- The problem -
Return exactly the span of lines in the following data that opens with the line containing "Wie sitzt mein Geschirr?-Beitrag-Bild" and closes with the line containing "Sadie - White". Include nothing else.

- Entries shown -

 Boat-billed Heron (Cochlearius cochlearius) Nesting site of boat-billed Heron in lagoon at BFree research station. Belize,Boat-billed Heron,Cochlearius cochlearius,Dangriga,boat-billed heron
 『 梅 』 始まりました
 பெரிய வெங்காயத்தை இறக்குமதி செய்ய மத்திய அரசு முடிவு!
==
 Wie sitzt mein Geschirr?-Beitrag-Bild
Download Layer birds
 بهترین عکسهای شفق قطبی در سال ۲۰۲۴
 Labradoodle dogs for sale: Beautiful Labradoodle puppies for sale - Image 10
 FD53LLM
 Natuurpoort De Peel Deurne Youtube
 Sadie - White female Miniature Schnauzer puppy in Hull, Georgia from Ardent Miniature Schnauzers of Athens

- Written reply -
 Wie sitzt mein Geschirr?-Beitrag-Bild
Download Layer birds
 بهترین عکسهای شفق قطبی در سال ۲۰۲۴
 Labradoodle dogs for sale: Beautiful Labradoodle puppies for sale - Image 10
 FD53LLM
 Natuurpoort De Peel Deurne Youtube
 Sadie - White female Miniature Schnauzer puppy in Hull, Georgia from Ardent Miniature Schnauzers of Athens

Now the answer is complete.